Record extracts:

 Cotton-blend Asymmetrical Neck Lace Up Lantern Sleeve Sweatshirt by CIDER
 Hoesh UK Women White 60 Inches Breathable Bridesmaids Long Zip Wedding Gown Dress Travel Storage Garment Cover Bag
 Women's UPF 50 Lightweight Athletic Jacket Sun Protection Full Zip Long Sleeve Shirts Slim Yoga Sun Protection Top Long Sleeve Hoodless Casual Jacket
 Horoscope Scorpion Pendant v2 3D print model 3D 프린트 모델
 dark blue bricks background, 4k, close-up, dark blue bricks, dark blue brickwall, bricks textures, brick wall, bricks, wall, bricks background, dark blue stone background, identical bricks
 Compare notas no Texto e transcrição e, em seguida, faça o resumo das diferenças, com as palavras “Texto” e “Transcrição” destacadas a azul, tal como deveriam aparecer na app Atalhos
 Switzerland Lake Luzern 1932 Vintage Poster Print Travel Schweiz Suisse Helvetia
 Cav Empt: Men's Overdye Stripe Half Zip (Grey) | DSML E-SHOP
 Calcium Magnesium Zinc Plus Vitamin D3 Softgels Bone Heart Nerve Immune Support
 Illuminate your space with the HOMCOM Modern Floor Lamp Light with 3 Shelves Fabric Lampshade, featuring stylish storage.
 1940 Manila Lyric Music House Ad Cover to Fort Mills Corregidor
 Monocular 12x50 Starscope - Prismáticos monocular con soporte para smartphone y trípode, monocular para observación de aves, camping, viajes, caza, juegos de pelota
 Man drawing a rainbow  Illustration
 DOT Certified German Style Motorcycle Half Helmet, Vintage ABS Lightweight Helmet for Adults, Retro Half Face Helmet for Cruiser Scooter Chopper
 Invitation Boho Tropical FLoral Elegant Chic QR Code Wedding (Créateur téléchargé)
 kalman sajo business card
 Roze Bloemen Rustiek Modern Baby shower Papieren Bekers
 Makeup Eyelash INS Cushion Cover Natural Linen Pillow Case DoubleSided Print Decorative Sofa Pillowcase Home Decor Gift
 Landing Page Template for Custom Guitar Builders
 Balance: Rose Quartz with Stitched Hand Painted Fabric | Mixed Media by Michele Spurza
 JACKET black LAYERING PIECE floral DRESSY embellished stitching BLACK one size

Task statement: Every line from the line containing "Man drawing a" through the line containing "Roze Bloemen Rustiek" in the records above must be retyped exactly. Leave out the rest.

Written answer:
 Man drawing a rainbow  Illustration
 DOT Certified German Style Motorcycle Half Helmet, Vintage ABS Lightweight Helmet for Adults, Retro Half Face Helmet for Cruiser Scooter Chopper
 Invitation Boho Tropical FLoral Elegant Chic QR Code Wedding (Créateur téléchargé)
 kalman sajo business card
 Roze Bloemen Rustiek Modern Baby shower Papieren Bekers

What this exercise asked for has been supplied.